God spoke a universe that didn’t exist into being. I, on my end (though with much more travail) write into being a story and world that didn’t exist beforehand.
The next metaphor I got from a new writing buddy, Carl. He spoke of writing as BUILDING A HOUSE. Everything that goes in a book must serve the building we’re trying to raise. The house can have interesting add-ons, but it must have the basics, and balance. We can keep an open mind and explore interesting paths, but must continue to refer to the blueprint to end up with the intended house.
The written house though is malleable, like something out of a Diana Wynne Jones fantasy. I can set down the rooms as they first come to mind. Then I give them a shove, bump them with my elbow, nudge them this way and that, and the rooms change position. Or size, or shape or function, whatever is needed… All through the wonderful power of revision.
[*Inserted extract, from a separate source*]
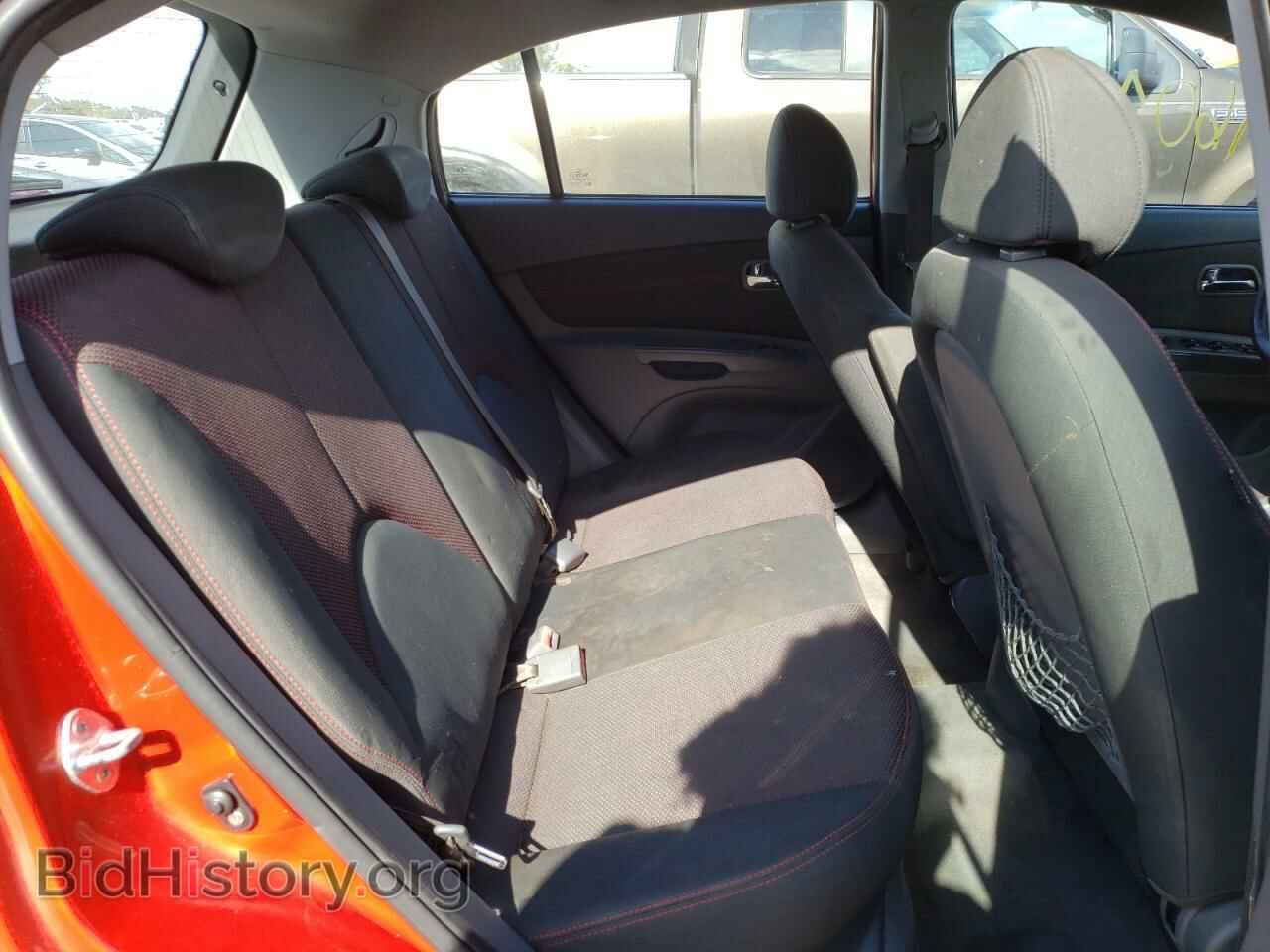 2009 KIA RIO - VIN: KNADE243296512790 - Фото 6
The current image I hold in my mind? Writing as LITHOGRAPHY. In chromolithography, separate stones (or plates) are prepared for each color. Each color is applied to the paper separately, one on top of the other, lightest to darkest. You need all the colors (plates, layers) for the full color image.
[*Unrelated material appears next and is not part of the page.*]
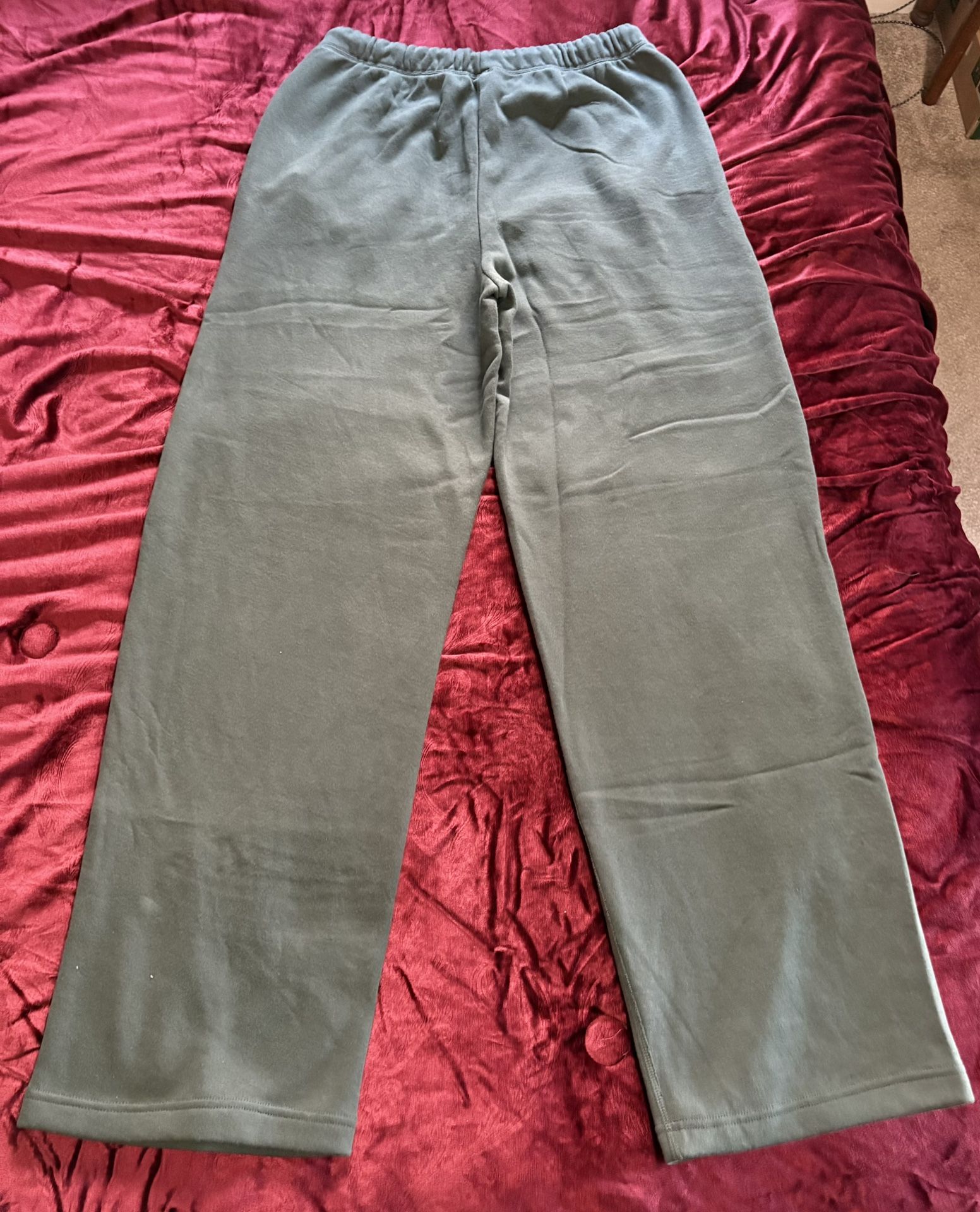 Women’s Skims Straight Leg Fleece Pant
That’s how I see my writing right now, though in writing one starts with the strongest color. In this first go-through, I’m setting down the main story line. Of course I’m trying to do it perfectly, to put in everything needed from the beginning. Of course I fail, which is why I need a critique group. In future passes, I will add the additional colors to create perfect shape and shading: more sensory details (per Scriva Mary), more geography (per Scriva Amber), more motivations (per me), more likeability (per Scriva Ruth), and so on. The other week the Scrivas offered wonderful suggestions for my current novel. “Thanks!” I said about one of the changes I need to implement. “Though it will take a few passes before I get there.”
So what are your metaphors about writing?